Again, the so-called hockey-stop method can be used to stop an ice
skate. Essentially, while moving forwards, a skater turns their
skates sideways while applying sufficient force as to more greatly
slow the forward part of their skates, then slowly rotates the rear
portion of the blade about while dragging the side of the blade
across the ice so as to come to a full stop while moving sideways.
As stated previously, this maneuver generally cannot be performed
with a quad wheeled skate unless the skating surface is smooth
and/or characterized by a low coefficient of friction, but it can
be performed with in-line two wheeled skates, and in particular,
with in-line three wheeled skates. However, this braking maneuver
quickly consumes the rear wheel of a skate, as the wheel then
effectively doubles as a brake pad. This maneuver is also more
difficult and dangerous to perform on dry land given the relative
unevenness of most skating surfaces. Moreover, if skaters fall on
dry land they will not slide as on ice, and unlike relatively
smooth ice, an asphalt skating surface can severely cut and
abrade.
There is a need for effective brakes on both in-line and quad
wheeled skates, that is, brakes which can safely and quickly stop a
skater who is moving rapidly, and without substantially
compromising the skater's control and maneuverability. This is
believed to be the greatest single issue which prevents in-line and
quad wheeled skates from becoming a safe and reliable form of
non-impact aerobic exercise. Further, while in-line wheeled skates
can provide advantages in speed and maneuverability for a
proficient skater, they are not as stable or forgiving for use by
the general public as quad wheeled skates. Accordingly, there is a
need for an improved quad wheeled skate that would reduce the
elevation of a skater's foot, but also increase the width of the
wheel base relative to conventional roller skates for the purpose
of enhancing stability. Further, there is need for an improved quad
wheeled skate that would provide means for employing a relatively
linear skating technique. In addition, there is need for a
relatively simple, light-weight, and inexpensive suspension for
wheeled skates.
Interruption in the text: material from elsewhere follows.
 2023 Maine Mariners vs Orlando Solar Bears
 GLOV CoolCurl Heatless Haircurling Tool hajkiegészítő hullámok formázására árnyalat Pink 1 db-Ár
Moreover, there is need for an improved quad
wheeled skate which includes means for rapidly and easily
selectively removing an article of footwear that can also be used
for one or more activities such as walking, running, and bicycling,
and skating, whether in partial or complete combination.
SUMMARY OF THE INVENTION
The present invention teaches an apparatus and method for securing
an article of footwear that is suitable for walking, running, or
bicycling to a wheeled skate. Further, the present invention
teaches brake devices which can facilitate use of toe stop, toe
drag, heel drag, snow-plow, and hockey-stop braking maneuvers. The
wheeled skates and brakes are configured to enable a skater to
retain balance, control and maneuverability even when engaged in
hard braking. In addition, the present invention teaches a wheeled
skate which can be propelled with the use of linear or side stroke
skating techniques.
A wheeled skate can comprise a chassis, and an article of footwear.
The wheeled skate and article of footwear can comprise a locking
mechanism assembly for removably securing the article of footwear
to the wheeled skate. The locking mechanism assembly can comprise a
footwear portion of locking mechanism assembly secured to the
article of footwear, and the chassis of the wheeled skate can
comprise a compatible skate portion of locking mechanism assembly.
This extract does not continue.